◆ Collected data
--------------------------------------------------
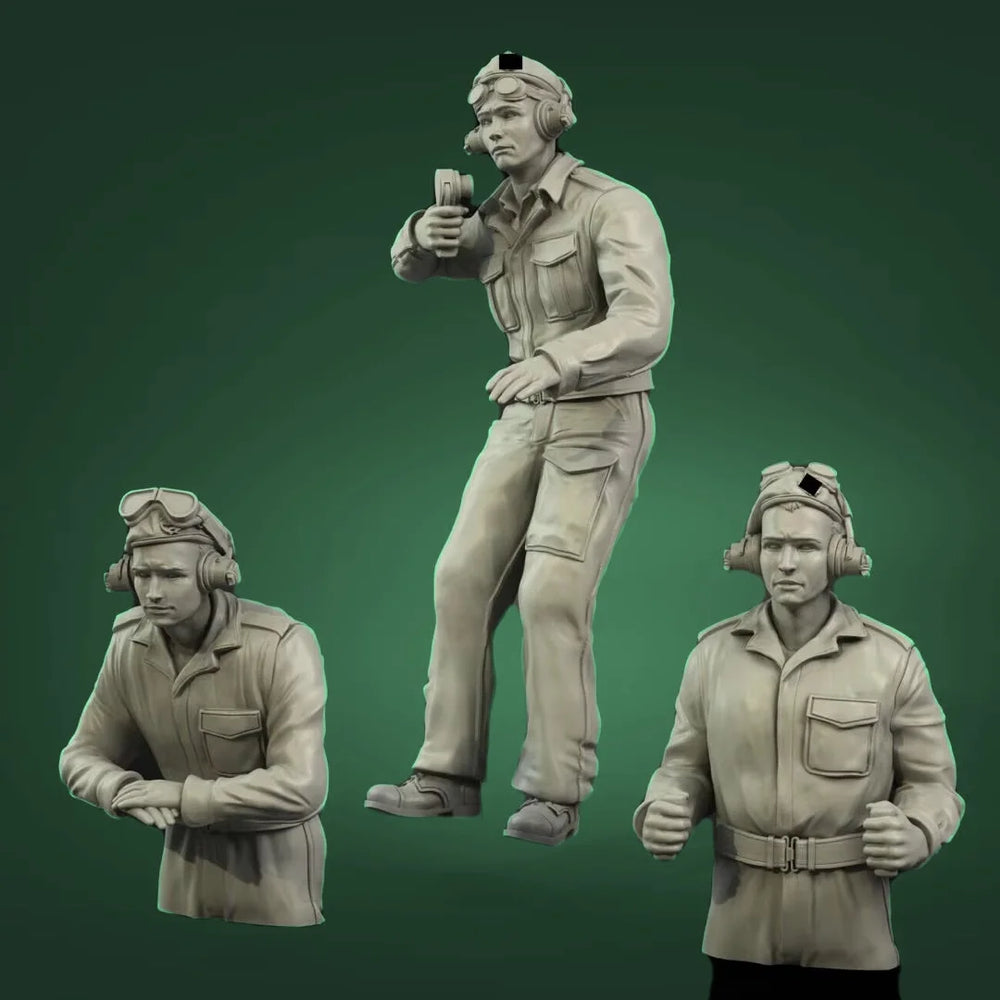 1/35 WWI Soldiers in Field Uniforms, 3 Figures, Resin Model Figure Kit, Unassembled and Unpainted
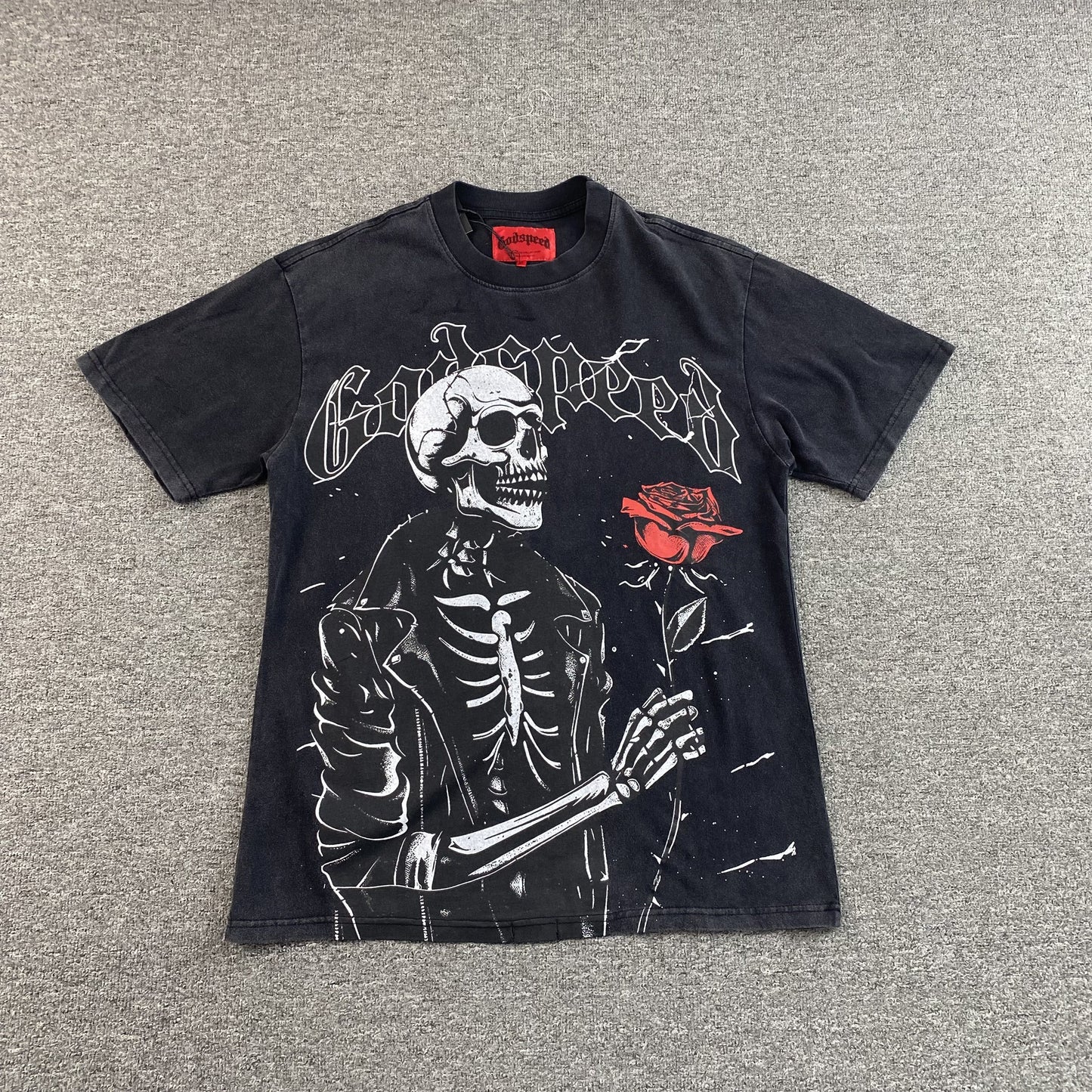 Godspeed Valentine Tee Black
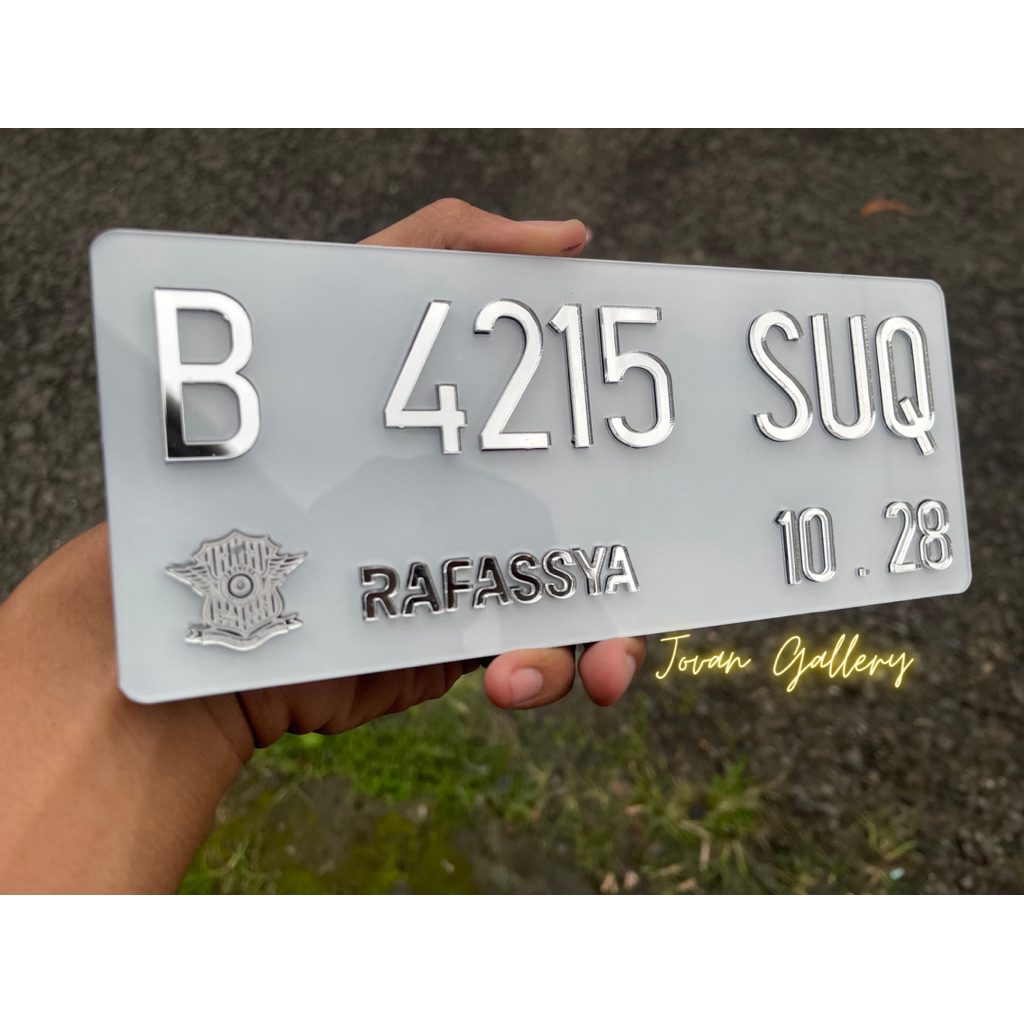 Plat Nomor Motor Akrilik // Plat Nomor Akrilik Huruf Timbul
--------------------------------------------------
◆ The problem
With the pictures excluded, retype exactly the lines from the one containing "Godspeed Valentine Tee Black" through the last line of the listing, both ends included.

◆ Task solution
 Godspeed Valentine Tee Black
 Plat Nomor Motor Akrilik // Plat Nomor Akrilik Huruf Timbul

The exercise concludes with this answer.